Authorship

Authorship

Interciencia médica adopts the definition of author from the International Committee of Medical Journal Editors (ICMJE), which indicates that an author must meet the following four criteria:

  1. Substantive contributions to the concept or design of the work, or to data acquisition, analysis, or interpretation; and
  2. writing of the work or critical review of the most relevant intellectual content; and
  3. final approval of the version for publication; and
  4. agree to take responsibility for all aspects of the work by ensuring that questions regarding the accuracy or completeness of any part of the work are properly investigated and resolved.

Corresponding Author

It is the author who take primary responsibility for communication with the editorial team during the manuscript submission, peer review, and publication process. The corresponding author ensures that all journal administrative requirements, such as providing authorship details, ethics committee approval, clinical trial registration documentation, and disclosures of relationships and activities, are properly completed and reported, although these duties may be delegated. to one or more authors.

Other Contributors

Collaborators who no meet the four authorship criteria above mentioned should not be listed as authors but should be acknowledged in Acknowledgments section.

Author roles

To give transparency to author activities, Interciencia médica uses the Credit taxonomy (Contributor Roles Taxonomy, https://casrai.org/credit/) which considers 14 categories, which will be informed to the editorial team with the presentation of the article manuscript.

Author commitments

  • Authors assure that the work is original, and that it does not contain plagiarism fragments or illustrations of works already published or by other authors or by the authors of the submitted manuscript.
  • Authors assume full responsibility for the veracity and traceability of the data and information, that is, that they have not been altered to bias statements or hypotheses and that readers can have access to the aforementioned information and reproduce it.
  • If editors deem it appropriate, authors should also make available the sources or data on which the research is based.
  • Authors should not publish articles in which the same results already published in a scientific journal are repeated.
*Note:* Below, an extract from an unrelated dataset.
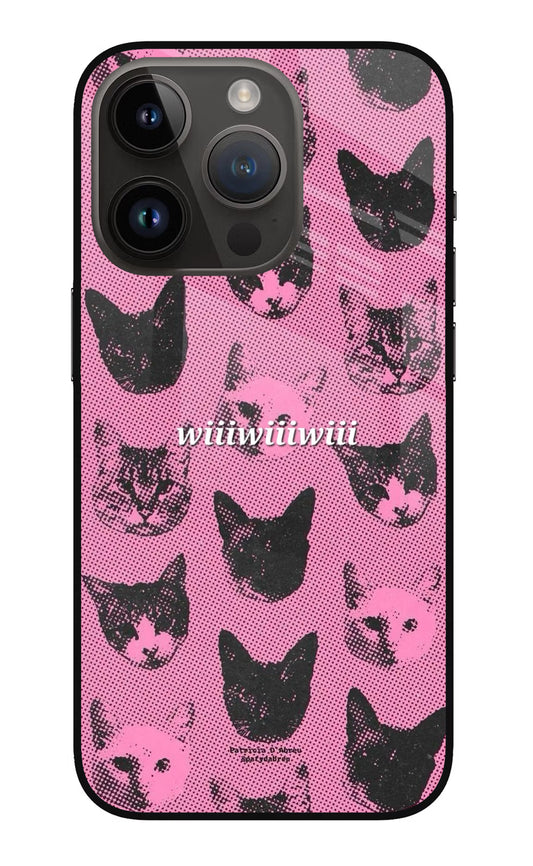 Pink Cats iPhone 14 Pro Glass Case
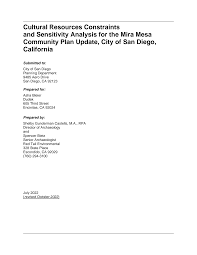 Cultural Resources Constraints and Sensitivity Analysis for the Mira Mesa  Community Plan Update, City of San Diego, California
Likewise, the simultaneous submission of the same manuscript to multiple journals is considered ethically incorrect and bad behavior.
  • The authors must always provide the correct indication of the sources and contributions mentioned in the article.
  • The authors also undertake to have reviewed the most current and relevant scientific literature on the topic presented in the manuscript.
  • Conflict of interest and disclosure: all authors are required to explicitly declare that there are no conflicts of interest that may have influenced the results obtained or the proposed interpretations. Authors must also indicate any funding from agencies and/or projects from which the research article arises.
  • Errors in published articles: when an author identifies an important error or inaccuracy in his article, he must immediately inform the editors of the journal and provide them with all the information necessary to list the pertinent corrections at the bottom of the same article.